Re: Partition-wise join for join between (declaratively) partitioned tables

From: Robert Haas <robertmhaas(at)gmail(dot)com>
To: Amit Langote <Langote_Amit_f8(at)lab(dot)ntt(dot)co(dot)jp>
Cc: Ashutosh Bapat <ashutosh(dot)bapat(at)enterprisedb(dot)com>, Etsuro Fujita <fujita(dot)etsuro(at)lab(dot)ntt(dot)co(dot)jp>, Thomas Munro <thomas(dot)munro(at)enterprisedb(dot)com>, Rafia Sabih <rafia(dot)sabih(at)enterprisedb(dot)com>, Rajkumar Raghuwanshi <rajkumar(dot)raghuwanshi(at)enterprisedb(dot)com>, pgsql-hackers <pgsql-hackers(at)postgresql(dot)org>
Subject: Re: Partition-wise join for join between (declaratively) partitioned tables
Date: 2017-09-12 19:09:38
Message-ID: CA+TgmobEygfb9wdz0nBZF-pCoVaoQK0w2uKfRsb2yjiq4WZ0sg@mail.gmail.com
Views: Raw Message | Whole Thread | Download mbox | Resend email
Thread:
Lists: pgsql-hackers

On Tue, Sep 12, 2017 at 3:46 AM, Amit Langote
<Langote_Amit_f8(at)lab(dot)ntt(dot)co(dot)jp> wrote:
> In this case, AcquireExecutorLocks will lock all the relations in
> PlannedStmt.rtable, which must include all partitioned tables of all
> partition trees involved in the query.

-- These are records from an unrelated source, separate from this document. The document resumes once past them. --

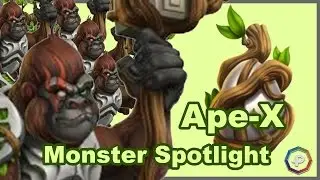 Monster Legends - Monster Spotlight Ape-X Reward Ape-X Statue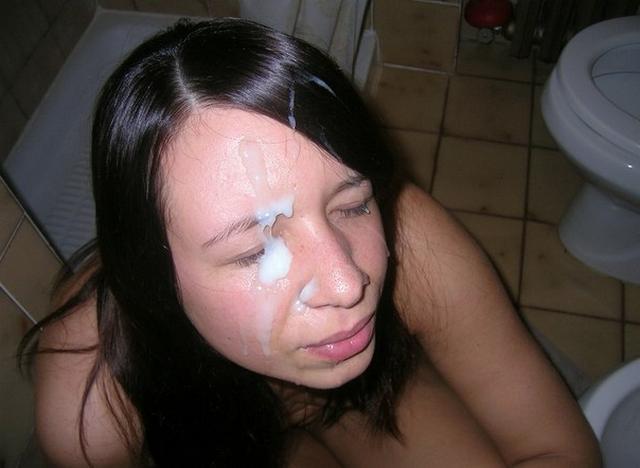 Bitch loves when profusely cum on her face 5 photo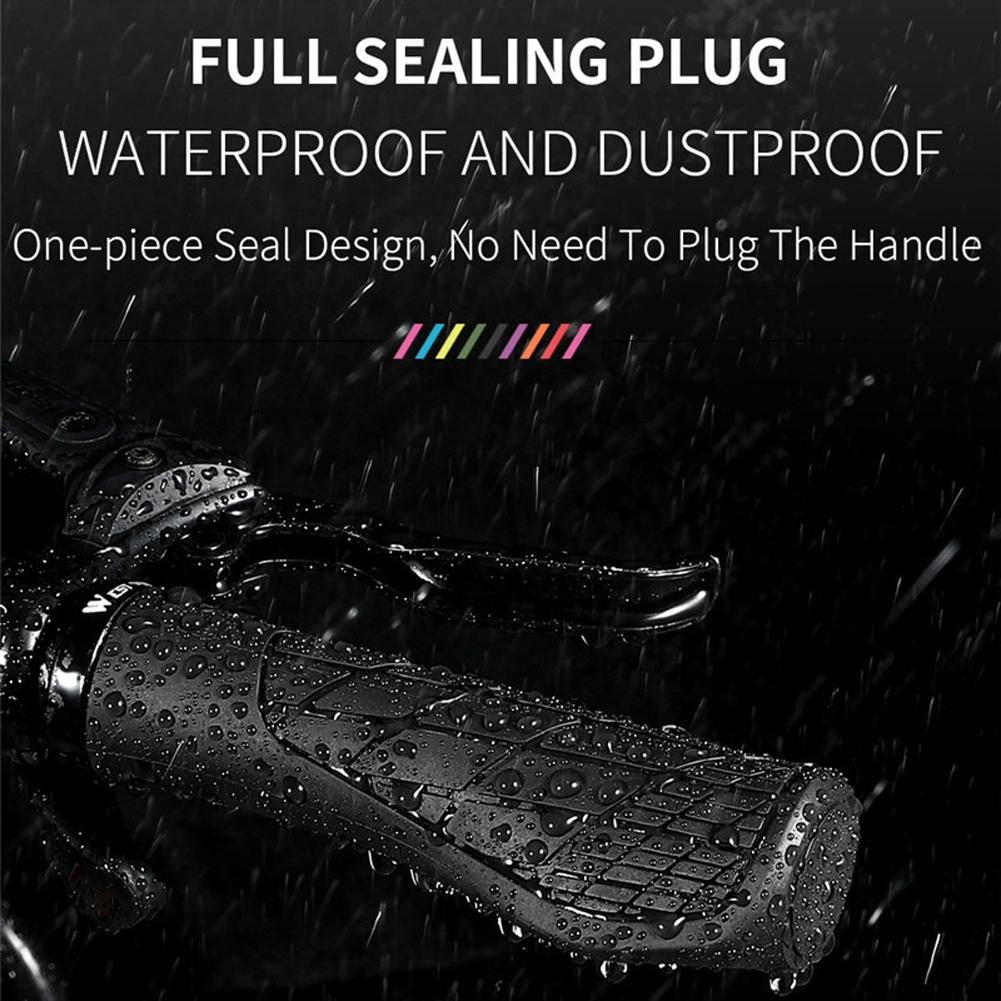 A Pair of Silicone Bicycle Grips Soft MTB Road Bike Handlebar Shockproof Anti-Slip Ergonomic Cycling Handlebar Grips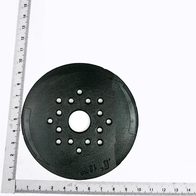 Skala mit Lochmuster für Tischeinlage mit 18 mm Innendurchmesser, 100 mm Durchmesser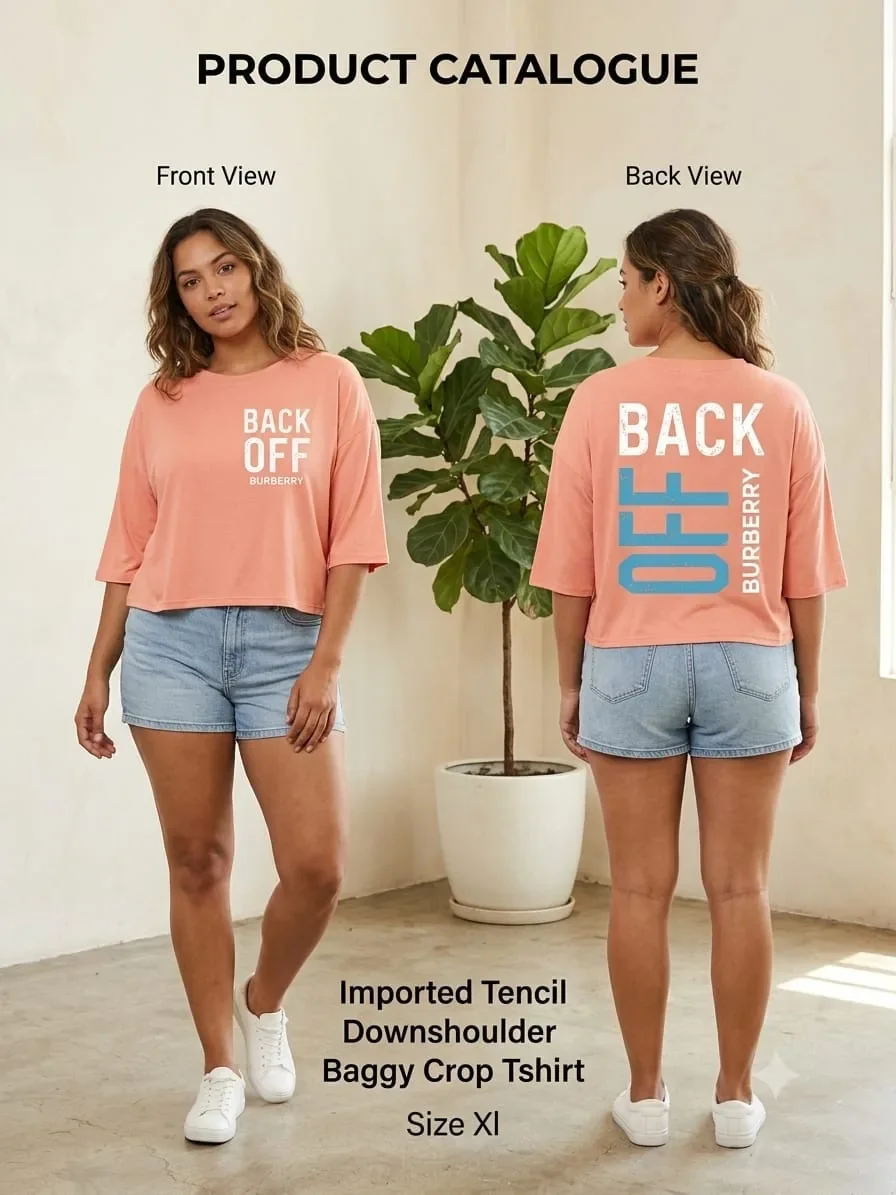 Back Off Graphic T-Shirt — Pink XL wholesale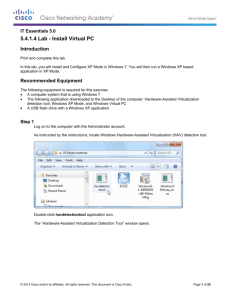 5.4.1.4 Lab - Install Virtual PC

Of those, it will lock the tables
> whose RT indexes appear in PlannedStmt.nonleafResultRelations with
> RowExclusiveLock mode. PlannedStmt.nonleafResultRelations is a global
> list of all partitioned table RT indexes obtained by concatenating
> partitioned_rels lists of all ModifyTable nodes involved in the query
> (set_plan_refs does that). We need to distinguish nonleafResultRelations,
> because we need to take the stronger lock on a given table before any
> weaker one if it happens to appear in the query as a non-result relation
> too, to avoid lock strength upgrade deadlock hazard.

Hmm. The problem with this theory in my view is that it doesn't
explain why InitPlan() and ExecOpenScanRelation() lock the relations
instead of just assuming that they are already locked either by
AcquireExecutorLocks or by planning. If ExecLockNonLeafAppendTables()
doesn't really need to take locks, then ExecOpenScanRelation() must
not need to do it either. We invented ExecLockNonLeafAppendTables()
on the occasion of removing the scans of those tables which would
previously have caused ExecOpenScanRelation() to be invoked, so as to
keep the locking behavior unchanged.

AcquireExecutorLocks() looks like an odd bit of code to me. The
executor itself locks result tables in InitPlan() and then everything
else during InitPlan() and all of the others later on while walking
the plan tree -- comments in InitPlan() say that this is to avoid a
lock upgrade hazard if a result rel is also a source rel. But
AcquireExecutorLocks() has no such provision; it just locks everything
in RTE order. In theory, that's a deadlock hazard of another kind, as
we just talked about in the context of EIBO. In fact, expanding in
bound order has made the situation worse: before, expansion order and
locking order were the same, so maybe having AcquireExecutorLocks()
work in RTE order coincidentally happened to give the same result as
the executor code itself as long as there are no result relations.
But this is certainly not true any more. I'm not sure it's worth
expending a lot of time on this -- it's evidently not a problem in
practice, or somebody probably would've complained before now.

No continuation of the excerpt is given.